In the early 2000s, [Jason] McBride was the press’s managing editor and co-founding editor of the [Fr]uTOpia series of Toronto-centric books…. “He knows the Coach House way of doing things,” [Alana] Wilcox says.
I take this to mean manufacturing books with perfect bindings so tight you can barely hold them open, all typeset by a cackling Mark Fram in an ancient PostScript Joanna with Bringhurstian small-caps rules that are half-understood and aren’t even followed all the time. (With single quotes, as though we were discussing Toronto topics in an Oxbridge gentlemen’s club.)
I know I got one part of that wrong because Ed told me his new book does not use Joanna. But what else, if anything, did I get wrong?
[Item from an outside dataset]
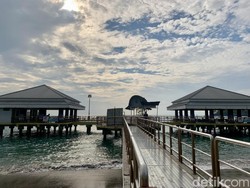 Peminat Tinggi, Trip Kapal Cepat di Pelabuhan Senggigi Ditambah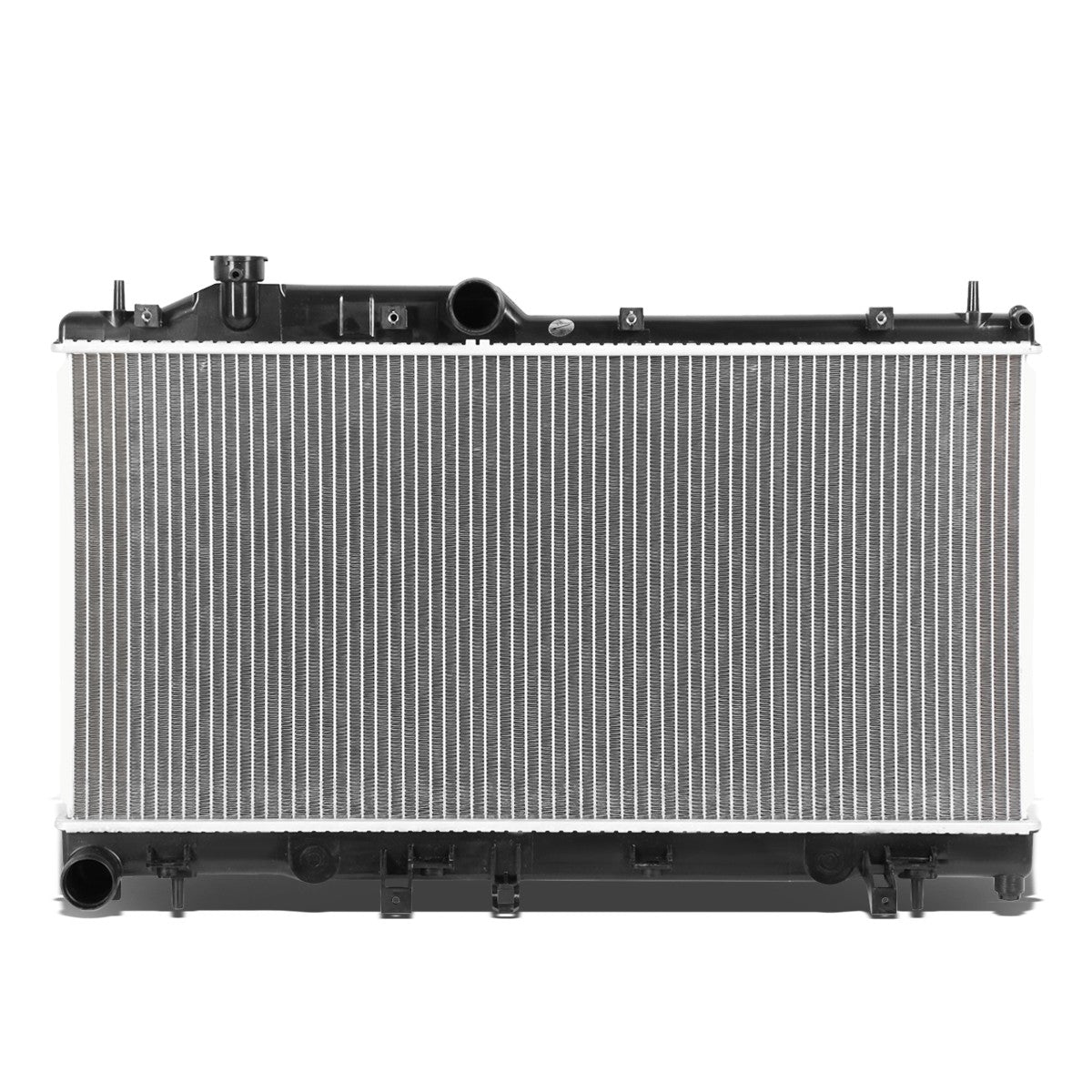 Fit 08-14 Subaru Impreza/WRX 2.5L Turbo Aluminum Core Cooling Radiator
Why does Coach House get a pass despite the structural failings of its books? Do you really think the darling little anachronism of printing on site excuses everything else? It produces books that fight the reader.
Coach House Books is an artisanal publishing collective set up by friends to print each other’s books on a backyard press. But I expect artisanal publishing to produce beautiful objects you will love to read.
Poor Ed Keenan
(UPDATE, 2013.02.11) Esteemed colleague Ed Keenan got the B.P. Nichol (“bpNichol”) shaft in his new book Some Great Idea. Not only is it replete with fake-ass Bringhurstian small caps and numbers that never appear as such, his book brings an especially egregious Coach House Press folly to new heights: It actually has fat-fuck mayor Rob Ford talking about AIDS in British single quotation marks. (Pictures.)